Short descriptive text snippets:
+++

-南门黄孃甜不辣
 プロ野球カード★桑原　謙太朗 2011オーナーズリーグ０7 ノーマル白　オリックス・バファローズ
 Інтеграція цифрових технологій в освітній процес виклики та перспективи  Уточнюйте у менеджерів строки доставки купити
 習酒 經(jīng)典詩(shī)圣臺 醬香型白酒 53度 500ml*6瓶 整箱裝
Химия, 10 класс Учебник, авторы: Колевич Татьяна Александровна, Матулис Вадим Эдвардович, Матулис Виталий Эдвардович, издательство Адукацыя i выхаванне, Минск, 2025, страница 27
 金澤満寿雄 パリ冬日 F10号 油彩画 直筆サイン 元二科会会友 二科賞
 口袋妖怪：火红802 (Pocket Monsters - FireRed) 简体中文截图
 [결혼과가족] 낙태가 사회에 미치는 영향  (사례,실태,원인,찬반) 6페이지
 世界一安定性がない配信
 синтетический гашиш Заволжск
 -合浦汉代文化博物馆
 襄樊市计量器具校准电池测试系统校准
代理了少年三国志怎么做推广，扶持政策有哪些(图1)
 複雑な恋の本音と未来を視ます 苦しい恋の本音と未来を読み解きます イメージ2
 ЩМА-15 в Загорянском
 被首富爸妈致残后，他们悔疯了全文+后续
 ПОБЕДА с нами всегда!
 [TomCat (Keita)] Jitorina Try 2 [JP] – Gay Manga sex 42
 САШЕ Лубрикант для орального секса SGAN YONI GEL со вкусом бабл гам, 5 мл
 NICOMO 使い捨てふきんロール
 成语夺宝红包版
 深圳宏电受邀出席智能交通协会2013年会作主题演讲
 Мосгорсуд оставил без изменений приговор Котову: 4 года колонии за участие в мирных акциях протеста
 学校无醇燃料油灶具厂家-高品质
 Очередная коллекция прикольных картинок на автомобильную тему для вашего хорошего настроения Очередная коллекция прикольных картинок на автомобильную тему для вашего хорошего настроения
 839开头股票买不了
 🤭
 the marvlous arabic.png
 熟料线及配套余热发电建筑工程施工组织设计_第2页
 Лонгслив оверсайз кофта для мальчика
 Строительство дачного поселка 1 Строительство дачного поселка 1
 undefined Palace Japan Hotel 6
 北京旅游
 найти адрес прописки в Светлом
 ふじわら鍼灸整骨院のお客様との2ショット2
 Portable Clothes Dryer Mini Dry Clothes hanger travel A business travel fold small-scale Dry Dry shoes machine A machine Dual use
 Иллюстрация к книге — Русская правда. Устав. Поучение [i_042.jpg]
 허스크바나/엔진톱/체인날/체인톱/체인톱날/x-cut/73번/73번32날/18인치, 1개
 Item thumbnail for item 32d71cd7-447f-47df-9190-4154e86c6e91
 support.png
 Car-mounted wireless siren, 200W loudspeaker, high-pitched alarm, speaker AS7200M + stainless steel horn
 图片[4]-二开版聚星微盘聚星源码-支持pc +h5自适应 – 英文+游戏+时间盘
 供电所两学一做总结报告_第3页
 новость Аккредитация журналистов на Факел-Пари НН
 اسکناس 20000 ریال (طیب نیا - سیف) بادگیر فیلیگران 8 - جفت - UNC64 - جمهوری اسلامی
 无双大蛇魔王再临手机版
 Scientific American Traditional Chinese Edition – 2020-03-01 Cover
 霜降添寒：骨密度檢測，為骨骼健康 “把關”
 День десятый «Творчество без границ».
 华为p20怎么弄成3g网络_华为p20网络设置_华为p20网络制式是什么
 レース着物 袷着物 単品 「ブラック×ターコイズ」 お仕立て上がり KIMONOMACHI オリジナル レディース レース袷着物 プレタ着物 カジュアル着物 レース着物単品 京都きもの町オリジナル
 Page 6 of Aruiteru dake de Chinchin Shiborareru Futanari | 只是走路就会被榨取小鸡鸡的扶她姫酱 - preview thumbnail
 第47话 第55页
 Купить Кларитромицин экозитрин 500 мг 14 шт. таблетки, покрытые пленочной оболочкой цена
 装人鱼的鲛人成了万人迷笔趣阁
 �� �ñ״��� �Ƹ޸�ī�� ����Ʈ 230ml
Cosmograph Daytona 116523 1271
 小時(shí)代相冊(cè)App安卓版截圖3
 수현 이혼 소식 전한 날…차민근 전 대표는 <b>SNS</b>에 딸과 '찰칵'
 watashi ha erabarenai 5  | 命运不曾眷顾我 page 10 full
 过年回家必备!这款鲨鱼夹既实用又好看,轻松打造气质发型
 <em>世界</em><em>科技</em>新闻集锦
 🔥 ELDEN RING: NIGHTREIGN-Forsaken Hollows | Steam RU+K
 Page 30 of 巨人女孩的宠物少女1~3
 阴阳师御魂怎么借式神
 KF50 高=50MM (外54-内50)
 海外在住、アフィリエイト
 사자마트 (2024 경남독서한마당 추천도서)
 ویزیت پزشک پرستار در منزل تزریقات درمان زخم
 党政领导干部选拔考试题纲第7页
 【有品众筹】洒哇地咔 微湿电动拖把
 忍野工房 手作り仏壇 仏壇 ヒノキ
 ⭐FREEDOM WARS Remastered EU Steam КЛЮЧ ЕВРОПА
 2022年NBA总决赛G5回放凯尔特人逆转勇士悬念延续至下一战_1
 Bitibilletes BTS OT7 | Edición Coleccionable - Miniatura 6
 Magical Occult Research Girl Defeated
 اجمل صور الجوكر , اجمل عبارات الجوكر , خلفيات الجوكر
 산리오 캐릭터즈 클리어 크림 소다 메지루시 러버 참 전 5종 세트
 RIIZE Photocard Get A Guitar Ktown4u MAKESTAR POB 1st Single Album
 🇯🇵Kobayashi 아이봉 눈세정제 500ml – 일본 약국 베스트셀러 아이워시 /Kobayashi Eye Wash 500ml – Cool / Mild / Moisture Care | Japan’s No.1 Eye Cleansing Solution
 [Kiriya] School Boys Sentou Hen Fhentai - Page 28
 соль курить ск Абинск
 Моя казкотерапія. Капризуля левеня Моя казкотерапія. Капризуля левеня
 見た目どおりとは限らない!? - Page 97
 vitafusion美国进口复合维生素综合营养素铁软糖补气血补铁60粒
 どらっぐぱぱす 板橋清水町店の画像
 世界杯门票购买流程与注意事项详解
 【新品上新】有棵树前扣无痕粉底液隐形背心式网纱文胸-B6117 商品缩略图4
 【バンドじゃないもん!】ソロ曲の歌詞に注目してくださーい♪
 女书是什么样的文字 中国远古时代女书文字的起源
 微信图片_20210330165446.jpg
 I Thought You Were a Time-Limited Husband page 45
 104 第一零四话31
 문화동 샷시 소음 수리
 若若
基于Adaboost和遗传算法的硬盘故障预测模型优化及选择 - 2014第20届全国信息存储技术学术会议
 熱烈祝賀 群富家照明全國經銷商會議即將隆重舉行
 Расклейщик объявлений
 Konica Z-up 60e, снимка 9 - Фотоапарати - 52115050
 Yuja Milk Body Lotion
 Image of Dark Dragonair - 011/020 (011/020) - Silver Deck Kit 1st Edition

+++

▸ YOUR ASSIGNMENT:
What you give back must be the stretch above, starting at the line with "اسکناس 20000 ریال" and ending at the line with "watashi ha erabarenai", copied exactly.

▸ WRITTEN SOLUTION:
 اسکناس 20000 ریال (طیب نیا - سیف) بادگیر فیلیگران 8 - جفت - UNC64 - جمهوری اسلامی
 无双大蛇魔王再临手机版
 Scientific American Traditional Chinese Edition – 2020-03-01 Cover
 霜降添寒：骨密度檢測，為骨骼健康 “把關”
 День десятый «Творчество без границ».
 华为p20怎么弄成3g网络_华为p20网络设置_华为p20网络制式是什么
 レース着物 袷着物 単品 「ブラック×ターコイズ」 お仕立て上がり KIMONOMACHI オリジナル レディース レース袷着物 プレタ着物 カジュアル着物 レース着物単品 京都きもの町オリジナル
 Page 6 of Aruiteru dake de Chinchin Shiborareru Futanari | 只是走路就会被榨取小鸡鸡的扶她姫酱 - preview thumbnail
 第47话 第55页
 Купить Кларитромицин экозитрин 500 мг 14 шт. таблетки, покрытые пленочной оболочкой цена
 装人鱼的鲛人成了万人迷笔趣阁
 �� �ñ״��� �Ƹ޸�ī�� ����Ʈ 230ml
Cosmograph Daytona 116523 1271
 小時(shí)代相冊(cè)App安卓版截圖3
 수현 이혼 소식 전한 날…차민근 전 대표는 <b>SNS</b>에 딸과 '찰칵'
 watashi ha erabarenai 5  | 命运不曾眷顾我 page 10 full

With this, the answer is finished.